* **PROBLEM REQUIREMENTS**
The result should be the listing below restated word for word, with images left out.

* **RECORDS FOR THIS TASK**
───
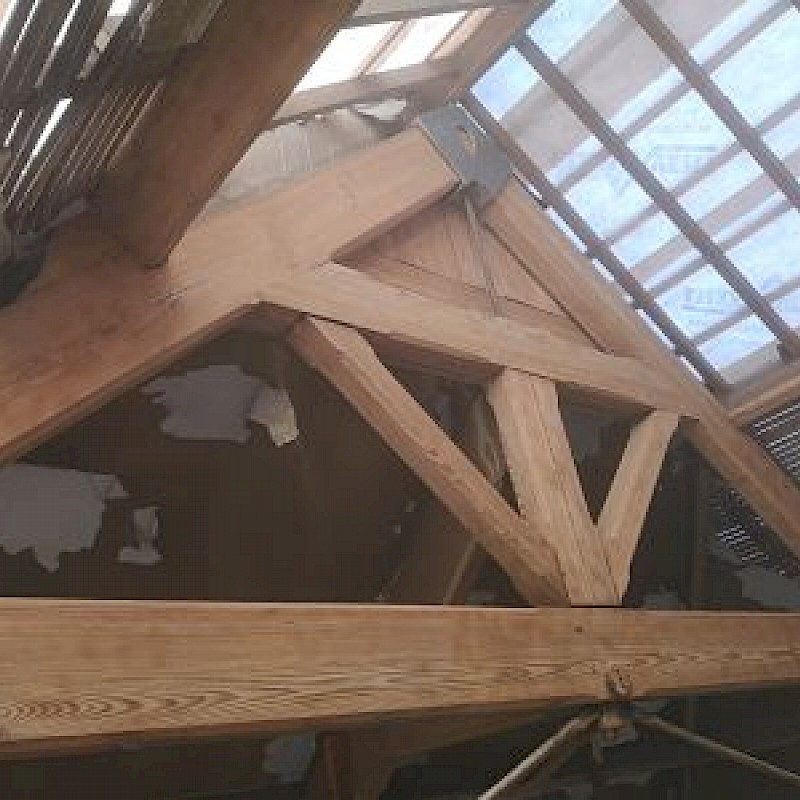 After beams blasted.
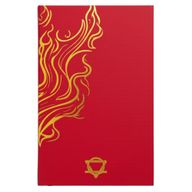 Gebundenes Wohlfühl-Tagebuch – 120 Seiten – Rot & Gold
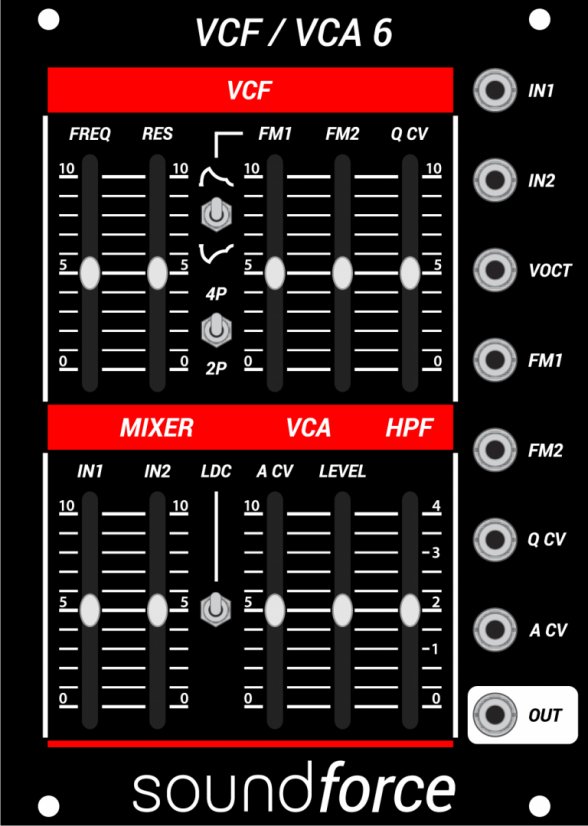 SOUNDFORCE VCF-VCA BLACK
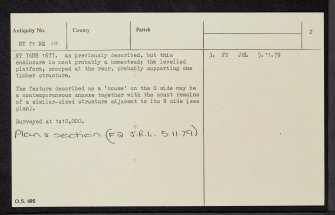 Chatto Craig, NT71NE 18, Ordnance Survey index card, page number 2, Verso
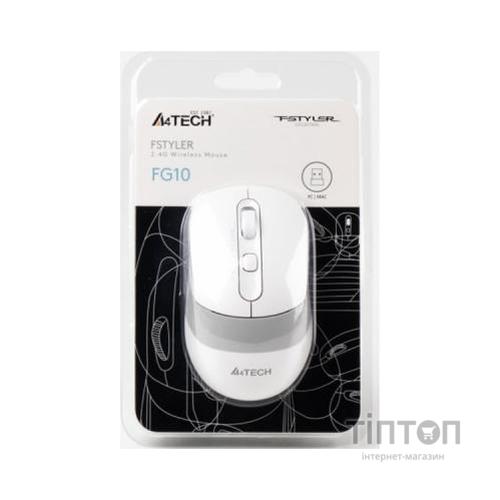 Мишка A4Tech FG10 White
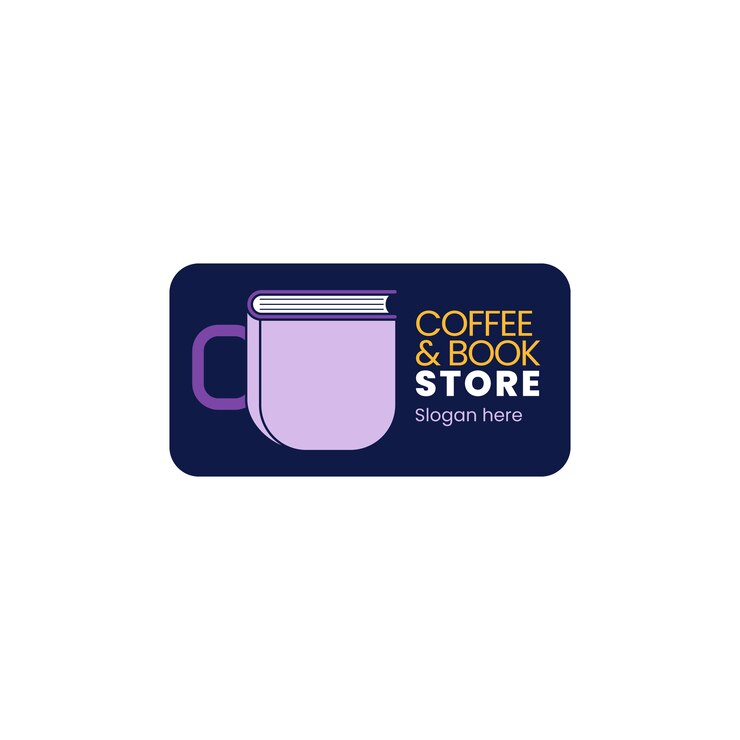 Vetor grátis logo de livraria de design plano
───
* **RESPONSE TO THIS TASK**
 After beams blasted.
 Gebundenes Wohlfühl-Tagebuch – 120 Seiten – Rot & Gold
 SOUNDFORCE VCF-VCA BLACK
 Chatto Craig, NT71NE 18, Ordnance Survey index card, page number 2, Verso
 Мишка A4Tech FG10 White
 Vetor grátis logo de livraria de design plano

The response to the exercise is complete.